Spinning is a challenge to everyone--from novice to professional cyclists.

lulumon athletica via Flickr

Justin Fuchs, owner of South Shore Bicycle and Fitness, located in Woodmere and Valley Stream, NY, likens a spinning class to "bringing an outdoor ride inside on a 50 pound flywheel.”

The certified spin instructor believes the best instructors teach at studios that specialize in spinning, but says that you can find good spin classes available at most gyms. While you can spin at home, Fuchs wouldn’t recommend that to a beginner.

Personally, Fuchs enjoys the spinning experience at a studio.

“There is something to be said for a good surround sound system and the energy of a group class,” he says.

The length of the ride varies by studio, but 45 - 60 minutes is typical. A spin room usually has bikes set up in rows facing the instructor’s bicycle. Some instructors stay on their bike the entire way, some hop on and off, and some stay off for most of the ride.

Who Can Participate?

Spin classes, especially High Intensity Interval Training (HIIT) classes like the ones taught at Revolution Spin in Evanston, Illinois, quickly increase a cyclist’s stamina, speed and endurance.

“It's the equivalent of speed work and hill work for a runner, only about a million times more fun,” says Jason Bressler certified spin instructor and personal trainer.

The owner and lead instructor at Revolution Spin notes that any level cyclist can participate in a spin class.

“From the once a summer rider to the experienced triathlete or century rider, a spin class is a perfect class format to continue with,” he says.

Fuchs agrees, and notes that the beauty of spinning is that it is a challenge to everyone--from the most novice enthusiast to a professional cyclist, because the rider determines how hard his or her ride will be.

“As instructors, we motivate and create rides that simulate hills, jumps and flat roads, but if the rider isn’t following along with the teacher’s speed and resistance, he or she won’t get all of the benefits,” he says.

What To Bring

Participants should bring comfortable workout clothes and gym shoes--and if they have them--a pair of clip-in bike shoes, recommends Bressler. For classes that last longer than an hour in duration on the bike, padded bike shorts are also a good idea. Don't forget a water bottle if water isn't provided by the studio.

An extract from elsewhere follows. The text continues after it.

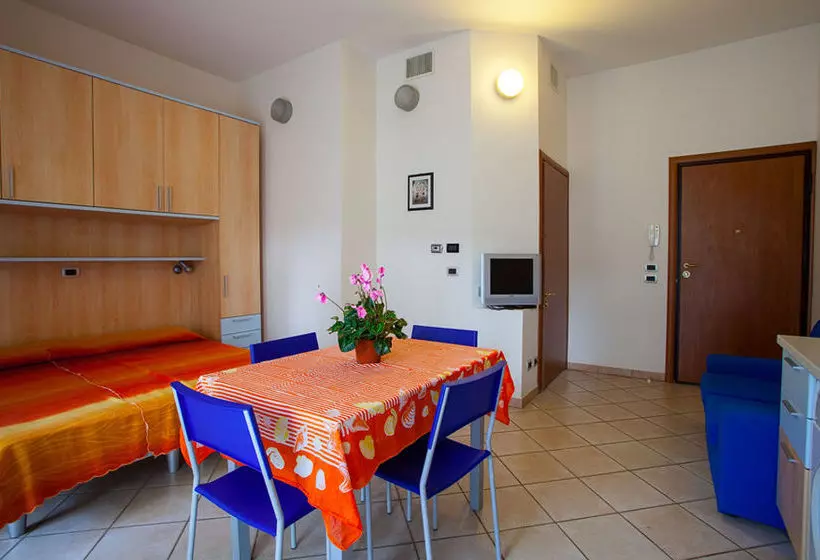 Hotell Residence Leonardo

Fuchs encourages riders to wear a heart rate monitor and spin shoes. These special shoes help protect the rider’s feet, knees and hips. Because spin shoes lock in to the pedals, riders are automatically forced to maintain proper form on their lower half.

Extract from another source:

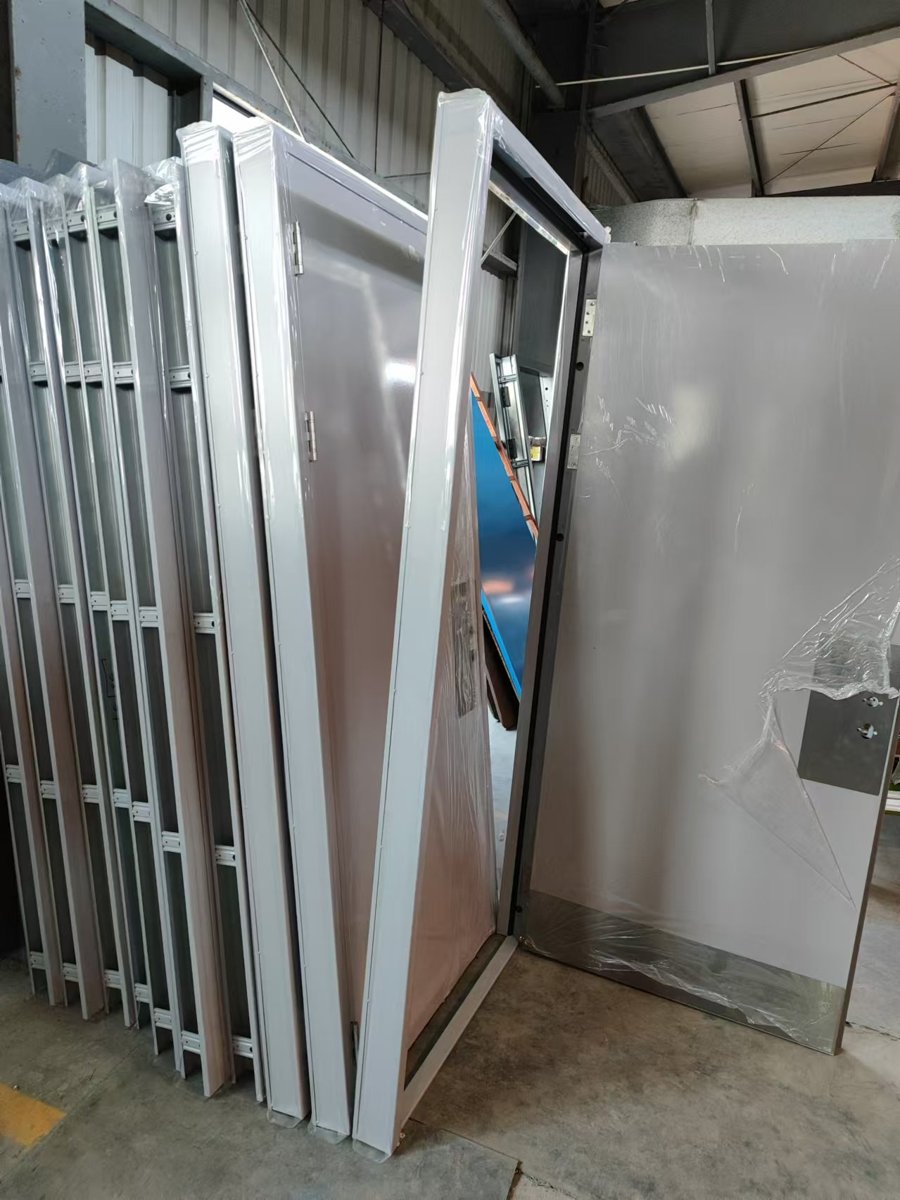 Huanan Building Materials FIRE DOORS (“T30A(II)XY” B-0 Ceiling)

“Classifying a spin shoe is very important and I often have people come into South Shore Bicycle and Fitness having purchased spin shoes online, only to find out that the sole is too soft. It is important to have a shoe with a stiff sole for spinning,” he explains. “I also encourage a heart rate monitor in a spin class to make sure riders know where their heart rate is and do not overexert themselves. It’s very important to know where your heart rate is for safety reasons.”

‘Real Experience’

Before you sign up, you’ll want to make sure the instructor is certified to teach a spin class. Certification includes heart rate training, cadence training, proper fitting on a spin bike to minimize chance of injury, and CPR certification.

“Technically anyone can get certified, but I find that the best spin instructors have real experience. They know how it feels to climb a mountain by bike and can simulate something similar in the spin room,” concludes Fuchs.